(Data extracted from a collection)

+ + + + +

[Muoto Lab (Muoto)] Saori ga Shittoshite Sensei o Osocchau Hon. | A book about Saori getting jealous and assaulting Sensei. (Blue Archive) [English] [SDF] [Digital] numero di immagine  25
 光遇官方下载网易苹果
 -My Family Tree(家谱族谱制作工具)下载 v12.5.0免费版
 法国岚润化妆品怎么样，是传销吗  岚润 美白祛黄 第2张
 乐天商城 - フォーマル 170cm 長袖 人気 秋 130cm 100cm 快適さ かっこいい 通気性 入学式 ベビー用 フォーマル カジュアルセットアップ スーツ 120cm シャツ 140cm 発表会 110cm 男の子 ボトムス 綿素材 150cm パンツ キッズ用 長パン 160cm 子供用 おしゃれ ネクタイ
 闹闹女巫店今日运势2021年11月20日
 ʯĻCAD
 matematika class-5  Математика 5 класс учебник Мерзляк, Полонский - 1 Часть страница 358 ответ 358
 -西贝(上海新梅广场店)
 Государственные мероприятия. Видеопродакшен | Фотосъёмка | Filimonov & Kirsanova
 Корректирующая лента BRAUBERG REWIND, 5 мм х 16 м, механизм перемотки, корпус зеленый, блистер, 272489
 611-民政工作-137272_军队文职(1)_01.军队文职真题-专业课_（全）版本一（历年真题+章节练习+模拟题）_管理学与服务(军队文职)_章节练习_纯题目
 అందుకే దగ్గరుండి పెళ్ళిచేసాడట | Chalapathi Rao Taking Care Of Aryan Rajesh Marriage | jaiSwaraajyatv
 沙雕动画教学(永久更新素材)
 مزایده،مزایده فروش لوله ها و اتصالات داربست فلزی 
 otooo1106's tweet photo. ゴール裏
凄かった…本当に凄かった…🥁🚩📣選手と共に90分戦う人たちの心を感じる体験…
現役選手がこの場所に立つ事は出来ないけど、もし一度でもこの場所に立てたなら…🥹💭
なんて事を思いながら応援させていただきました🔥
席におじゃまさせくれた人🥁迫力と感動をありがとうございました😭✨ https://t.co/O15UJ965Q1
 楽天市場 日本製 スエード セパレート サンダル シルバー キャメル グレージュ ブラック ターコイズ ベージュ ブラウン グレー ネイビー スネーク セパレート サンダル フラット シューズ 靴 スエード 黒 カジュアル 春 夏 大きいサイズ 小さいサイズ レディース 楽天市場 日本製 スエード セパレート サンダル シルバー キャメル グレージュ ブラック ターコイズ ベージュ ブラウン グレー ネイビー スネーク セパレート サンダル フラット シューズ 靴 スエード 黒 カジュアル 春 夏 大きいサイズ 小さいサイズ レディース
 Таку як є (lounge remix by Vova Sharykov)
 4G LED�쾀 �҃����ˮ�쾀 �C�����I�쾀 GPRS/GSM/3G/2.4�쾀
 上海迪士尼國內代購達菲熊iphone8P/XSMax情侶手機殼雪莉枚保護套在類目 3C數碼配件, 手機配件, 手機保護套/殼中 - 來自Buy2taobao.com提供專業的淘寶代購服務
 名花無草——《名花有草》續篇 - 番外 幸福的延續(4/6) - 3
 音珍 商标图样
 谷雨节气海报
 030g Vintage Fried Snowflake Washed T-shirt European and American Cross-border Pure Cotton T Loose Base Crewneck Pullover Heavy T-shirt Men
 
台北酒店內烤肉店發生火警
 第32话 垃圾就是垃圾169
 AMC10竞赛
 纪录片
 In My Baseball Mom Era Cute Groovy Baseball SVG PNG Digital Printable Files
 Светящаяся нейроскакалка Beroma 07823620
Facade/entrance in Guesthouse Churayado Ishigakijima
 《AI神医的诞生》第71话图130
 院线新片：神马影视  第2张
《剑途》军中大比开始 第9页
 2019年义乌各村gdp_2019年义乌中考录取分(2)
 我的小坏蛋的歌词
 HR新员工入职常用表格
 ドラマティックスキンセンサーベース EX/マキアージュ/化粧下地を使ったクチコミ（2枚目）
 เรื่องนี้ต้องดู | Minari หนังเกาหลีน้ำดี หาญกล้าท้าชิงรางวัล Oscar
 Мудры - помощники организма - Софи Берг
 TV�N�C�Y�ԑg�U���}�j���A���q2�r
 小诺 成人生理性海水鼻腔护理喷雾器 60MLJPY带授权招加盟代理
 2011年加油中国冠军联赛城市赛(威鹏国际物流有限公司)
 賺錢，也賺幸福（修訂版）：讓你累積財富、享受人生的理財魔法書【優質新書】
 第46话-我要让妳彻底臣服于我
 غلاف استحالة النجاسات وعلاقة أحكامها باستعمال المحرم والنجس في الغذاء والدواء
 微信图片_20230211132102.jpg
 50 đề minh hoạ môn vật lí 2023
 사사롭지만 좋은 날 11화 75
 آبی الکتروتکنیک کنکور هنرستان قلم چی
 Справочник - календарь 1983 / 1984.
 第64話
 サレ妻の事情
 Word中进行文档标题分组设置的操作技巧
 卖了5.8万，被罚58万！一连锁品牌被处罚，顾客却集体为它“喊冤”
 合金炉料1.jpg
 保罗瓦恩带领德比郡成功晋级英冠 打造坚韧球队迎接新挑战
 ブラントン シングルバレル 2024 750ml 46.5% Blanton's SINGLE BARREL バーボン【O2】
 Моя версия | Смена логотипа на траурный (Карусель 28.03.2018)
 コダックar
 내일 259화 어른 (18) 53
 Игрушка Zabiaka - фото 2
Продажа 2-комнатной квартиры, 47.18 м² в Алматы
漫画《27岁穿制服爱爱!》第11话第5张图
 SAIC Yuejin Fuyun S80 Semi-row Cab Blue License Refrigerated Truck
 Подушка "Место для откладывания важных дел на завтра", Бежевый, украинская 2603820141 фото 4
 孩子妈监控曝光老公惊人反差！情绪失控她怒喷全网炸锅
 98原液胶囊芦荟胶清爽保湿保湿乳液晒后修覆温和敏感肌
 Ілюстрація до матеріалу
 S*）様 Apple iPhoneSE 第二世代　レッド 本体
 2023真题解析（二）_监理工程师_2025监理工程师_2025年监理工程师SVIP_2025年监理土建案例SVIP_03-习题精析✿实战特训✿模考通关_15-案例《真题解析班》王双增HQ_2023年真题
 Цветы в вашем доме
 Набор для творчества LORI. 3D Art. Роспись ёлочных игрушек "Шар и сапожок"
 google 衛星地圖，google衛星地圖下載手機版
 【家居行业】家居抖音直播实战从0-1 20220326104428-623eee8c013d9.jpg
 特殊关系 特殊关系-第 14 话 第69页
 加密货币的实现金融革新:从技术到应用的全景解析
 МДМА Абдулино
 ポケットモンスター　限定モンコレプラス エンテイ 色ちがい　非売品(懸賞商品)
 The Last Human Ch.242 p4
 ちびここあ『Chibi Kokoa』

+ + + + +

■ **Problem requirements**:
What do the lines above say from the one containing "آبی الکتروتکنیک کنکور هنرستان قلم چی" down to the one containing "Продажа 2-комнатной квартиры, 47.18"? Return them exactly, both end lines included, and only them.

■ **Solution for this problem**:
 آبی الکتروتکنیک کنکور هنرستان قلم چی
 Справочник - календарь 1983 / 1984.
 第64話
 サレ妻の事情
 Word中进行文档标题分组设置的操作技巧
 卖了5.8万，被罚58万！一连锁品牌被处罚，顾客却集体为它“喊冤”
 合金炉料1.jpg
 保罗瓦恩带领德比郡成功晋级英冠 打造坚韧球队迎接新挑战
 ブラントン シングルバレル 2024 750ml 46.5% Blanton's SINGLE BARREL バーボン【O2】
 Моя версия | Смена логотипа на траурный (Карусель 28.03.2018)
 コダックar
 내일 259화 어른 (18) 53
 Игрушка Zabiaka - фото 2
Продажа 2-комнатной квартиры, 47.18 м² в Алматы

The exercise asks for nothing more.